You will see the intuition, the step-by-step method, and a clean Python implementation you can use in interviews.
Problem Statement
Implement the class SubrectangleQueries which receives a rows x cols rectangle as a matrix of integers in the constructor and supports two methods: 1. updateSubrectangle(int row1, int col1, int row2, int col2, int newValue) Updates all values with newValue in the subrectangle whose upper left coordinate is (row1,col1) and bottom right coordinate is (row2,col2).
Quick Facts
- Difficulty: Medium
- Premium: No
- Tags: Design, Array, Matrix
Intuition
Grid problems are easiest when you define clear row/column boundaries.
A consistent traversal order prevents off-by-one errors.
Approach
Iterate by rows, columns, or layers depending on the requirement.
Keep bounds updated as the traversal progresses.
Steps:
- Define bounds or directions.
- Visit cells in order.
- Update result and move bounds.
Example
Input
["SubrectangleQueries","getValue","updateSubrectangle","getValue","getValue","updateSubrectangle","getValue","getValue"]

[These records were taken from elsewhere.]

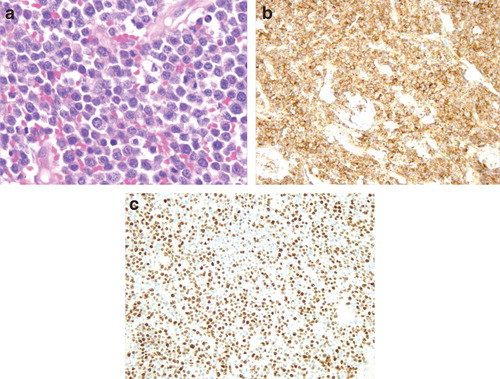 Figure 2. (a) Immature plasma cells, with large eccentric nuclei and scattered mitosis (H&E ×40). (b) Intense staining of CD138 (×10). (c) Positive staining for Ki67 (high proliferation index >80%) (×10).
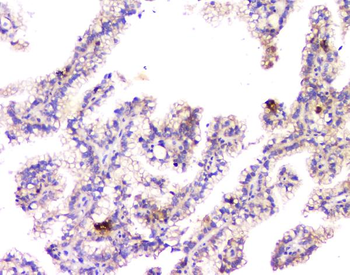 beta Amyloid/APP Rabbit Polyclonal Antibody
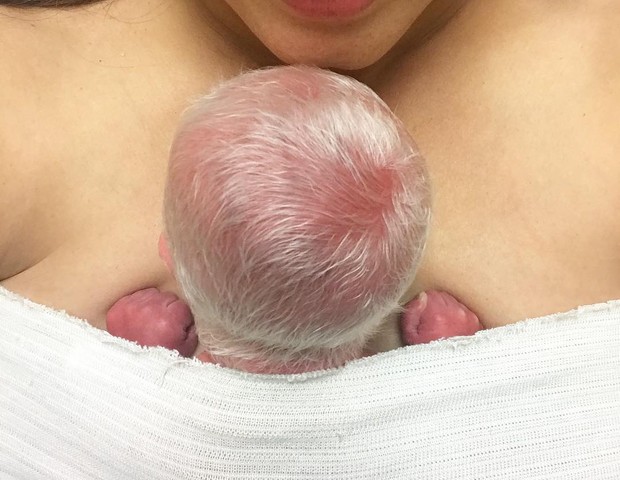 Bebê albino (Foto: Reprodução Instagram)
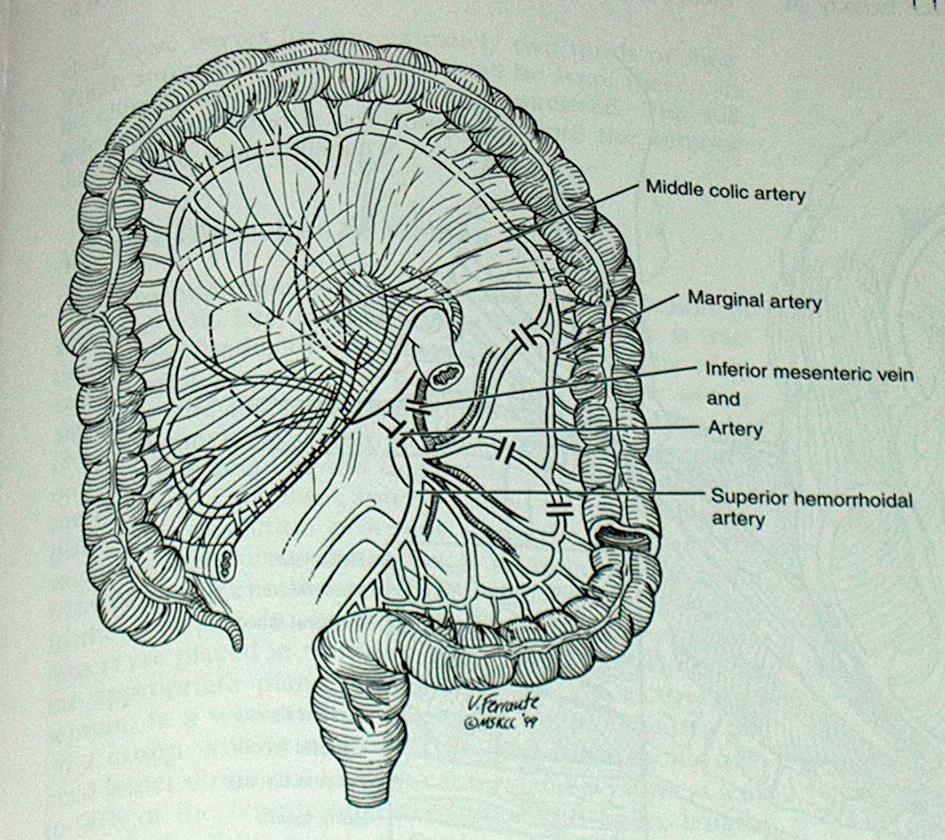 Resectio anterior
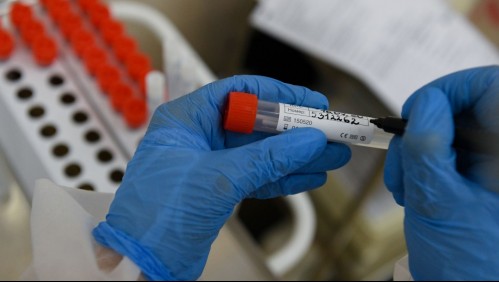 'Está lista': Rusia anuncia que su vacuna contra coronavirus superó con éxito todas las pruebas
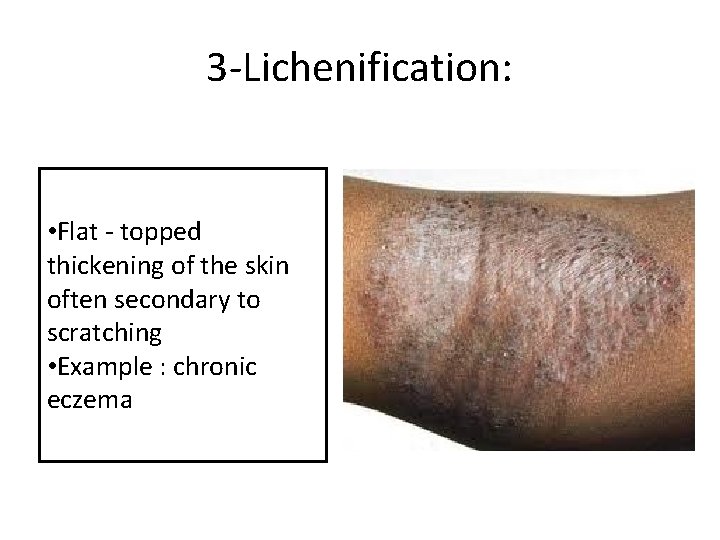 3 -Lichenification: • Flat - topped thickening of the skin often secondary to scratching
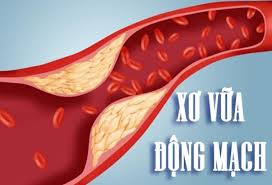 Thủ phạm gây đột quỵ, nhồi máu cơ tim!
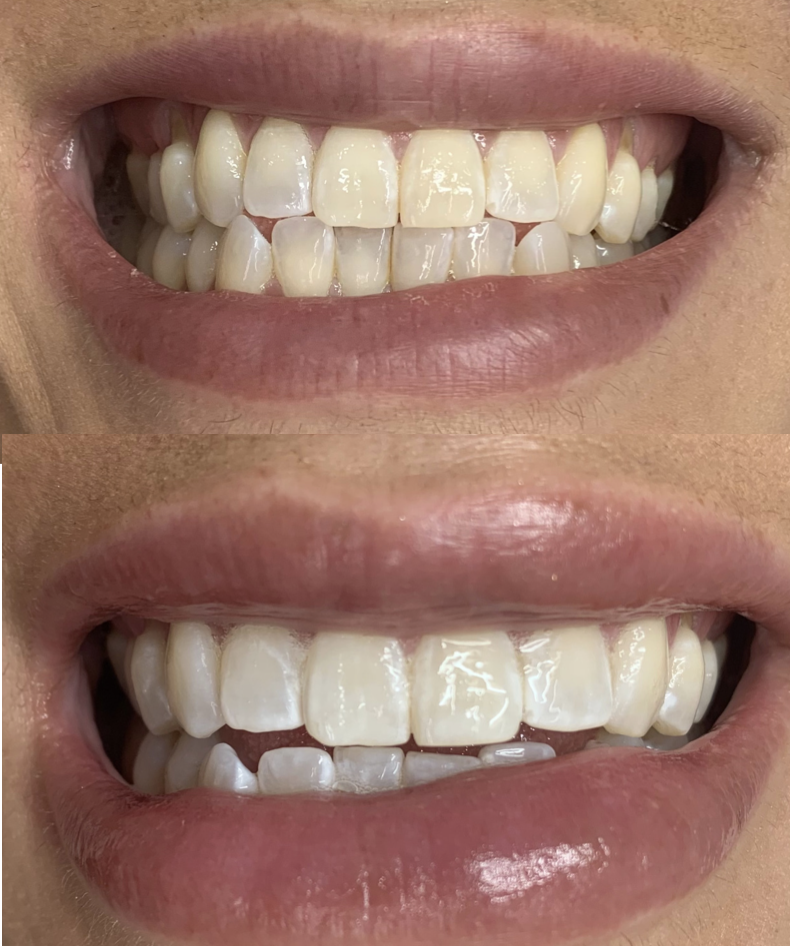 Teeth Whitening Christchurch before and after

[[[[1,2,1],[4,3,4],[3,2,1],[1,1,1]]],[0,2],[0,0,3,2,5],[0,2],[3,1],[3,0,3,2,10],[3,1],[0,2]]
Output
[null,1,null,5,5,null,10,5]
Explanation
SubrectangleQueries subrectangleQueries = new SubrectangleQueries([[1,2,1],[4,3,4],[3,2,1],[1,1,1]]);
// The initial rectangle (4x3) looks like:
// 1 2 1
// 4 3 4
// 3 2 1
// 1 1 1
subrectangleQueries.getValue(0, 2); // return 1
subrectangleQueries.updateSubrectangle(0, 0, 3, 2, 5);
// After this update the rectangle looks like:
// 5 5 5
// 5 5 5
// 5 5 5
// 5 5 5
subrectangleQueries.getValue(0, 2); // return 5
subrectangleQueries.getValue(3, 1); // return 5
subrectangleQueries.updateSubrectangle(3, 0, 3, 2, 10);
// After this update the rectangle looks like:
// 5 5 5
// 5 5 5
// 5 5 5
// 10 10 10
subrectangleQueries.getValue(3, 1); // return 10
subrectangleQueries.getValue(0, 2); // return 5
Python Solution
class SubrectangleQueries:
def __init__(self, rectangle: List[List[int]]):
self.g = rectangle
self.ops = []
def updateSubrectangle(
self, row1: int, col1: int, row2: int, col2: int, newValue: int
) -> None:
self.ops.append((row1, col1, row2, col2, newValue))

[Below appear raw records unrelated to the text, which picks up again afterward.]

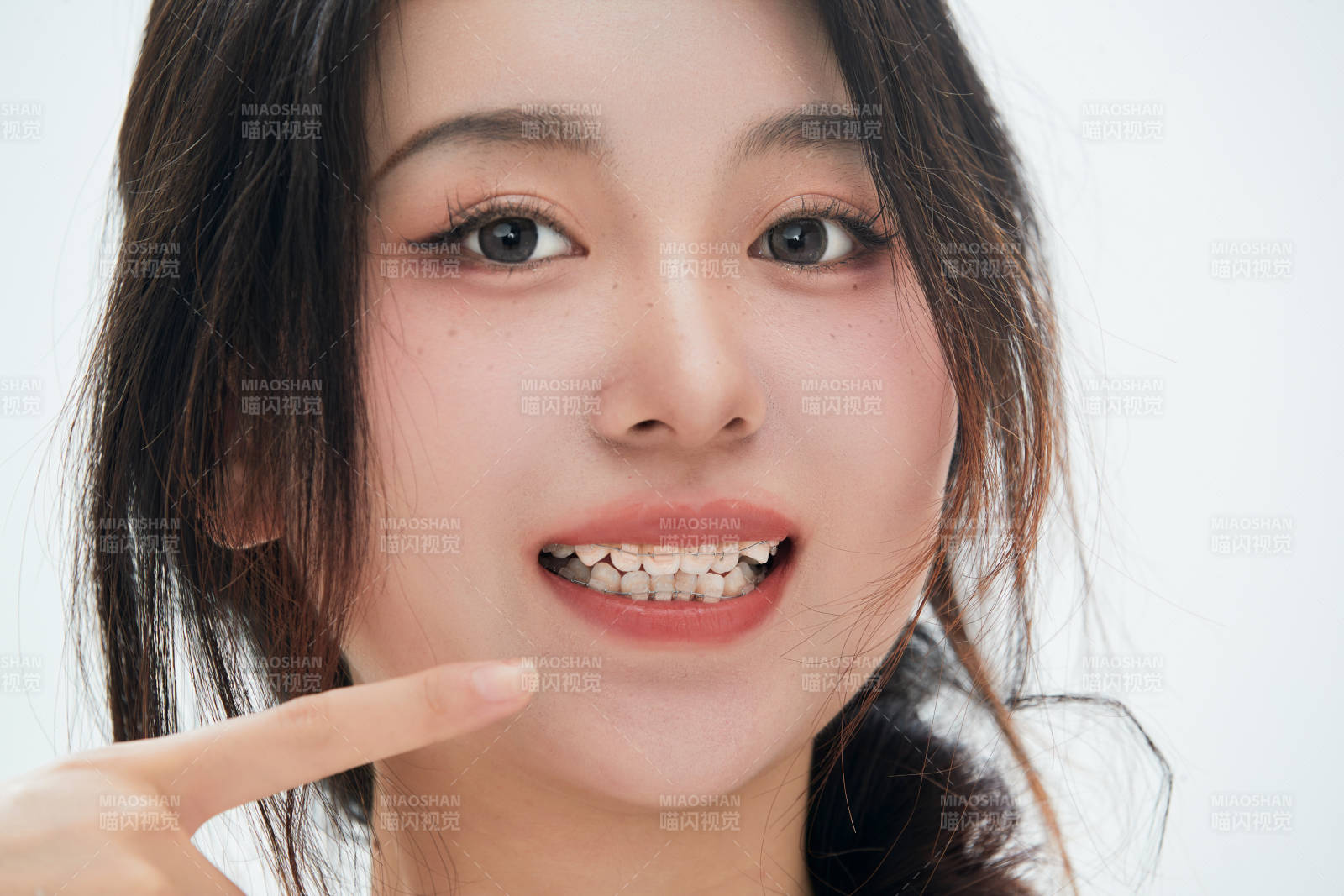 佩戴牙齿矫正器的亚洲美女牙齿矫正牙科图片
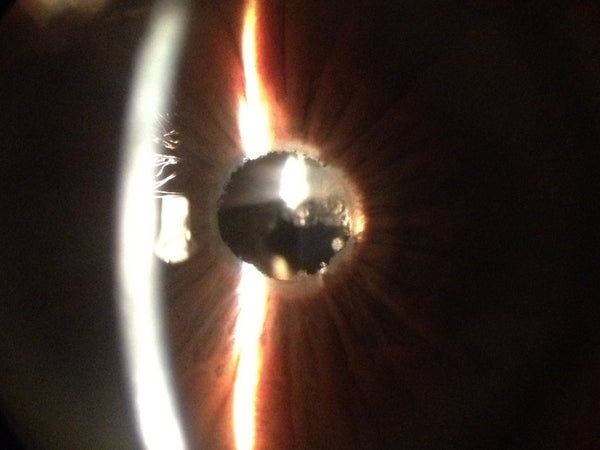 intraocular lens implant in pseudoexfoliation syndrome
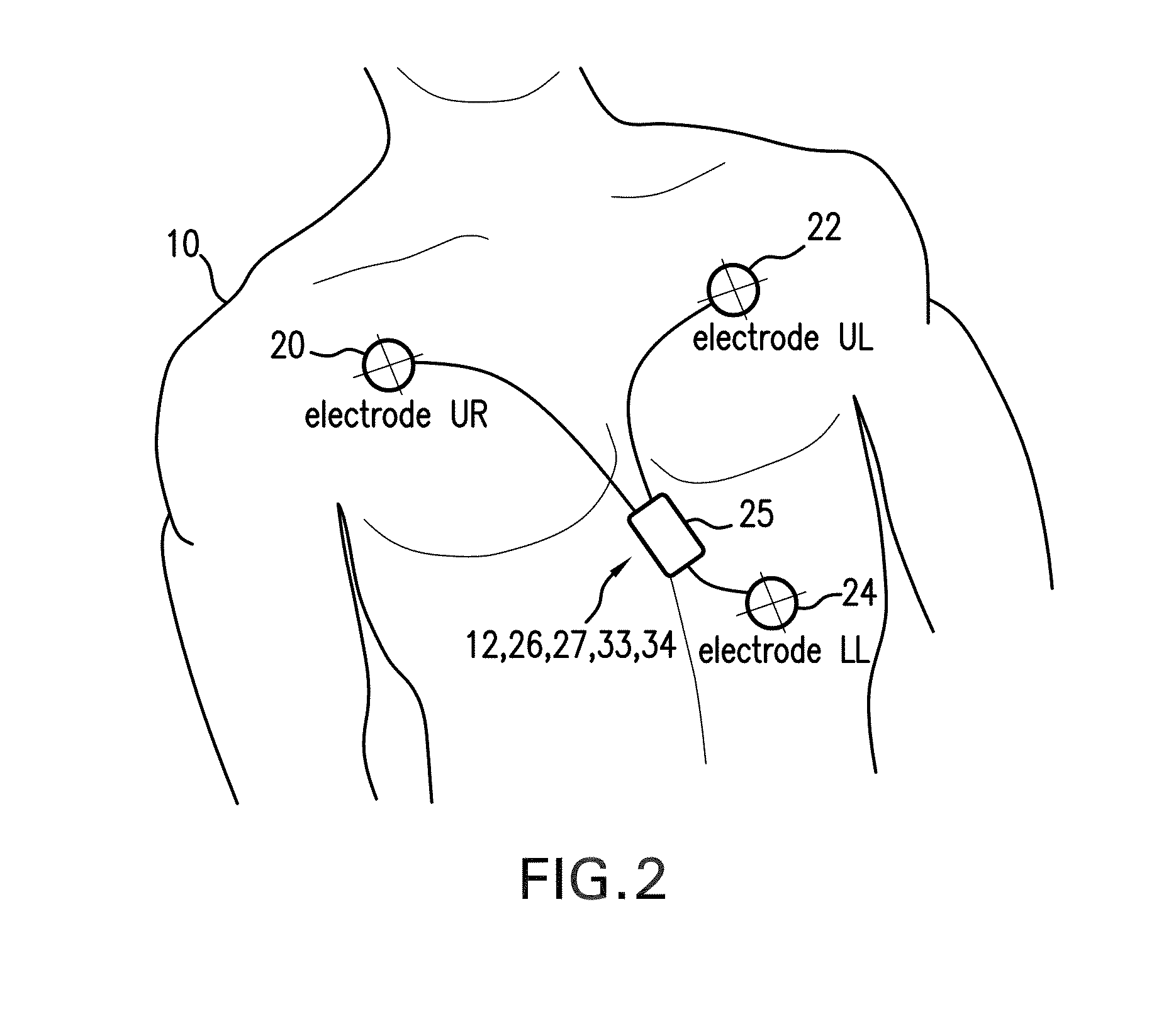 Body-worn monitor for measuring respiratory rate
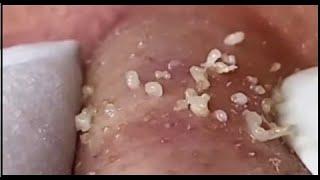 Relaxing With Top Skin #058 blackheads on nose compilation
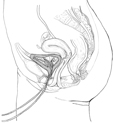 Drawing of the female urinary tract. Two catheters are placed in the urethra and bladder.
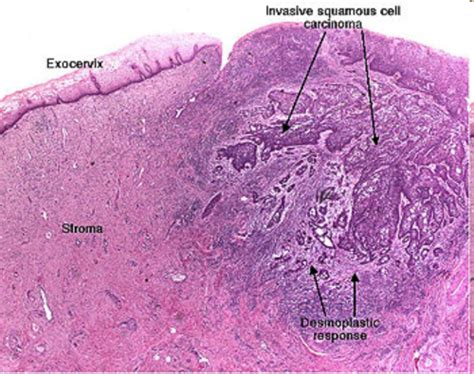 Histology: Cervical Cancer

def getValue(self, row: int, col: int) -> int:
for r1, c1, r2, c2, v in self.ops[::-1]:
if r1 <= row <= r2 and c1 <= col <= c2:
return v
return self.g[row][col]
# Your SubrectangleQueries object will be instantiated and called as such:
# obj = SubrectangleQueries(rectangle)
# obj.updateSubrectangle(row1,col1,row2,col2,newValue)

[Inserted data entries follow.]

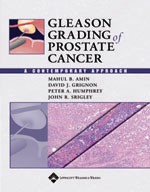 Gleason Grading of Prostate Cancer: A Contemporary Approach-1판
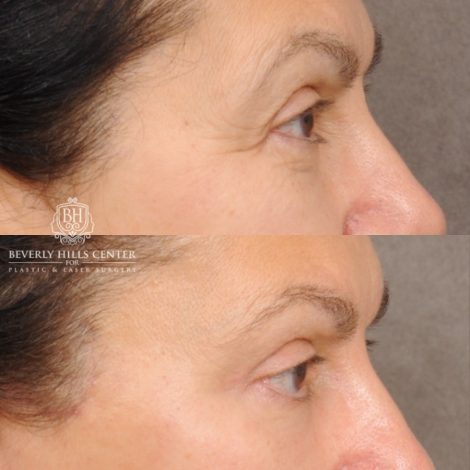 Beverly Hills Center Female Patient Before and After AuraLyft™, Temporal Brow Reset, Upper Blepharoplasty, Ptosis Repair, Cupid Lift® Corner Lift
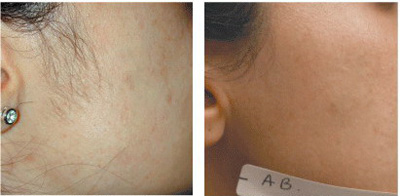 از تیغ تا لیزر برای رفع موهای زائد ،کدام موقت و دائمی است؟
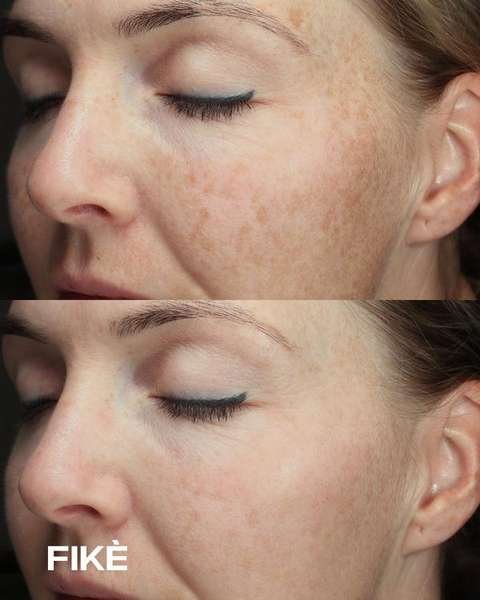 Vasculaire pigmentatie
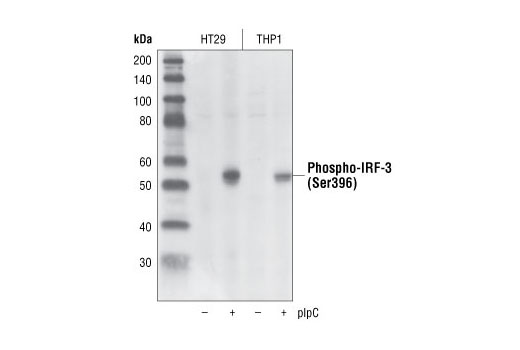 抗磷酸化IRF-3（Ser396）兔單克隆抗體,Phospho-IRF-3 (Ser396) (4D4G) Rabbit mAb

# param_2 = obj.getValue(row,col)
Complexity
The time complexity is O(m·n). The space complexity is O(1) to O(m·n).
Edge Cases and Pitfalls
Watch for boundary values, empty inputs, and duplicate values where applicable. If the problem involves ordering or constraints, confirm the invariant is preserved at every step.
Summary
This Python solution focuses on the essential structure of the problem and keeps the implementation interview-friendly while meeting the constraints.